Presentata al Maggio Fiorentino, l’Opera di Aribert Reimann è una rilettura più cupa che mai della tragedia del Bardo inglese. La regia di Calixto Bieito, sostenuta dalla direzione orchestrale controllatissima di Fabio Luisi, ricostruisce con efficacia la violenza ancestrale di questo gruppo di famiglia made in Shakespeare
In fondo a Reimann è andata piuttosto bene perché, se Verdi non si fosse arreso con il suo Lear, si sarebbe trovato con un rivale difficile da battere in territori scespiriani. Invece il campo era libero per un’opera sul vecchio re-padre tra i più maltrattati della storia del teatro, e il “Maggio” ha potuto aprire l’ottantaduesima edizione con il titolo più celebrato del compositore tedesco, 83 anni, presente in sala sia alla prima del 2 maggio sia alla replica di domenica 5 (domani l’ultima). Un’opera che ha avuto e continua ad avere buona fama e circolazione; persino in Italia, almeno con la coppia Ronconi-Palli al Regio di Torino nel 2001, prima di quest’ottima produzione di Calixto Bieito del 2016 importata dall’Opéra di Parigi (qui sotto) , oggi come allora autorevolmente diretta da Fabio Luisi, che si rivela un attento e appassionato interprete del repertorio post-espressionista.
Dunque quello che per Verdi è stato il titolo cruccio per eccellenza, mai completato se non per qualche reminiscenza nel finale di Rigoletto, ha avuto la sua realizzazione più importante grazie a un’intuizione di Dietrich Fischer-Dieskau, che convinse il suo pianista accompagnatore, guarda caso anche solidissimo membro delle avanguardie del dopoguerra, appunto Reimann, a scriverla per lui nel 1978 con libretto tedesco di Claus H. Henneberg. Evidentemente solo il passaggio Berg-Hartmann-Henze-Zimmermann poteva permettere di compattare cinque atti vastissimi di trame e sottotrame, così intrecciate tra loro “che sembra impossibile cavarne un melodramma”, scriveva Verdi a Cammarano nel più completo sconforto.
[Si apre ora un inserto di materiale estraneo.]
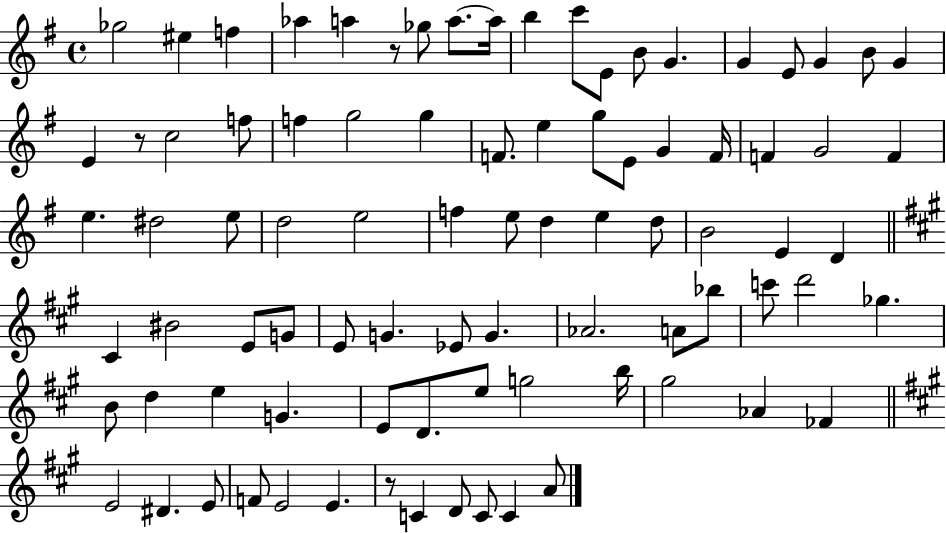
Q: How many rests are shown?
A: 3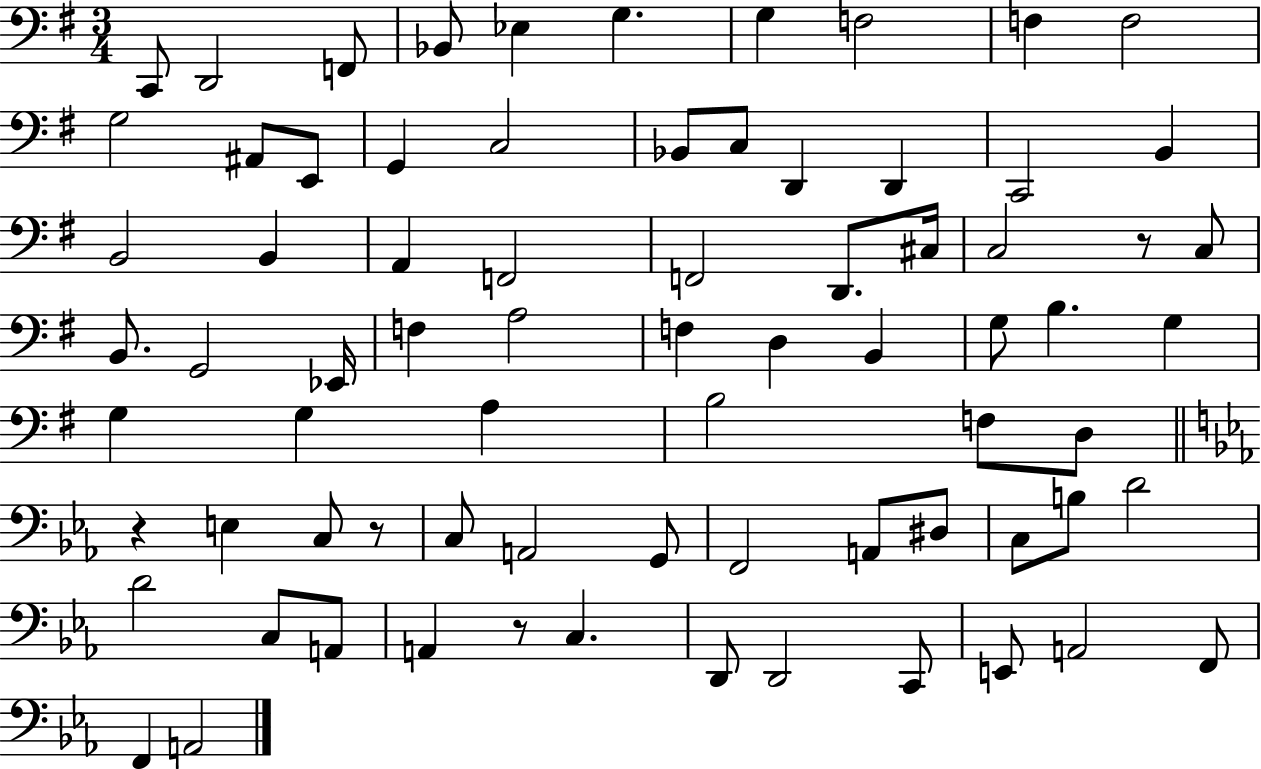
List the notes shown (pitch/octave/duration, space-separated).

C2/e D2/h F2/e Bb2/e Eb3/q G3/q. G3/q F3/h F3/q F3/h G3/h A#2/e E2/e G2/q C3/h Bb2/e C3/e D2/q D2/q C2/h B2/q B2/h B2/q A2/q F2/h F2/h D2/e. C#3/s C3/h R/e C3/e B2/e. G2/h Eb2/s F3/q A3/h F3/q D3/q B2/q G3/e B3/q. G3/q G3/q G3/q A3/q B3/h F3/e D3/e R/q E3/q C3/e R/e C3/e A2/h G2/e F2/h A2/e D#3/e C3/e B3/e D4/h D4/h C3/e A2/e A2/q R/e C3/q. D2/e D2/h C2/e E2/e A2/h F2/e F2/q A2/h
Così Reimann alterna scene e interludi in perfetto stile Wozzeck e si serve della serialità, come allora usava, per caratterizzare i personaggi, al prezzo di qualche semplificazione ma col vantaggio di maggiori connessioni drammaturgiche in partitura.
Non sorprende che l’opera, cupa più che mai, sia costruita sulla violenza ancestrale di questo gruppo di famiglia made in Shakespeare, anche se non mancano inattesi momenti lirici (quasi) tonali e parentesi dall’atmosfera diafana, sempre inquietante ma più delicata, con canti alla luna e una sottile nostalgia che si distende su un mondo senza più speranze. Un mondo in frantumi fin dalla prima scena, in cui il vecchio re getta pezzi di pane raffermo alle figlie come se fossero animali, geniale intuizione di Bieito per rappresentare un’eredità anticipata e disgraziata che scardina ogni ordine in terra e in cielo: “Der Mund zerfleischt die Hand, weil sie ihm Brot gibt” dirà Lear nella tempesta (“la bocca sbrana la mano perché le ha dato il pane”), proprio quando la scena-gabbia di Rebecca Ringst, fatta di assi in legno, ha appena iniziato a sfaldarsi. Poi lo spettacolo prosegue alternando simbolismi e naturalismi con un po’ troppa disinvoltura e con effetti non sempre efficaci, anche se l’immagine di Lear nel finale, fragile, seminudo e con le mutande sporche, è di quelle che restano impresse per sempre.
Luisi dirige l’ottima orchestra del “Maggio” con un controllo assoluto della partitura, da cui sa trarre l’energia e il dolore necessari alla tinta di questa tragedia, che non è solo brutale ma piena di spettrale irrealtà. Certo un’operazione del genere non funziona senza un cast in grado di commuovere e addirittura turbare il pubblico. A cominciare ovviamente dalla parte del protagonista, che non solo nasce dalla penna di Shakespeare, ma è stata riscritta per un grandissimo come Fischer-Dieskau: per fortuna Bo Skovhus ha l’autorevolezza, la tecnica e l’espressività per reggerla. Ma funziona alla perfezione anche il resto del cast, in particolare la cattivissima Goneril di Angeles Blancas Gulin, la Cordelia di Agneta Eichenholz e il bravo Andrew Watts, tenore per Edgar che si traveste da controtenore per Tom. Il matto “parlato” è di Ernst Alisch.